Portfolio RAG system / AI product artefact
How the assistant works.
A small portfolio does not strictly need RAG. This one uses it deliberately, because the system is part of the work: source modelling, retrieval, bot protection, privacy, model routing, and answer grounding are all visible AI product-design decisions.
01 / Source model
Markdown stays canonical, even when the model answers.
The assistant indexes reviewed Markdown sources, not the whole repository. Each source has frontmatter for title, type, tags, keywords, aliases, confidence, visibility, reviewed date, and public citation URL.
Raw PDFs are not linked from public HTML and are not treated as public citations. CV material should be extracted into reviewed Markdown or HTML before it becomes part of the assistant corpus.
docs/andy-knowledge
data/rag/index.json
HTML pages only
02 / Retrieval
Small corpus, real retrieval discipline.
The build script chunks each source by H2 section and adds contextual prefixes so every retrieved chunk can stand alone. Long sections can split again at H3.
At runtime, the API retrieves sparse BM25 matches and dense-vector matches, then combines them with reciprocal rank fusion. The first index uses deterministic local lexical vectors so the repo can validate without secrets; Gemini embeddings can be enabled for production builds.
- 1
Parse frontmatter and Markdown source files.
- 2
Chunk by section with document and heading context.
- 3
Build sparse terms and dense vectors.
- 4
Fuse retrieval results and send compact context to Gemini.
03 / Security
The browser never gets the API key.
The homepage calls same-origin API routes. Anonymous questions are verified with Cloudflare Turnstile and capped to a very small quota before Gemini is called. Unlocking Clyde creates a server-signed session with a higher quota, while Redis-backed limits keep abuse controls consistent across serverless invocations.

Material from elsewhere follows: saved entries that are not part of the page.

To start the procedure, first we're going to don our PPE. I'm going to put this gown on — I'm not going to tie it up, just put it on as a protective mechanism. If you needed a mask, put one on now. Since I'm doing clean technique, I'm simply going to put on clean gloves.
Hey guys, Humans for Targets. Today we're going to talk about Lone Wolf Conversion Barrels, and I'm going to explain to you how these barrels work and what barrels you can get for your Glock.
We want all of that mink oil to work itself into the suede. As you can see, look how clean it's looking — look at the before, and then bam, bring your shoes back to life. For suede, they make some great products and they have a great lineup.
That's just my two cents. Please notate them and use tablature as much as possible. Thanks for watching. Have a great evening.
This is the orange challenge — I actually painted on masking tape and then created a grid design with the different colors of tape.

The Gemini API key, Turnstile secret, Redis token, session secret, and password hash live in deployment environment variables. The browser only receives public configuration such as the Turnstile site key and source metadata.
This is why GitHub Pages alone is not enough for the assistant. GitHub Pages can still host static HTML, but Gemini-backed answers require an API proxy on Vercel, Netlify, Cloudflare, or another backend-capable platform.
First deployment target
The repository includes Vercel-compatible API functions and a local Node preview server. The recommended low-cost deployment pairs Vercel with free Cloudflare Turnstile and an Upstash Redis REST database.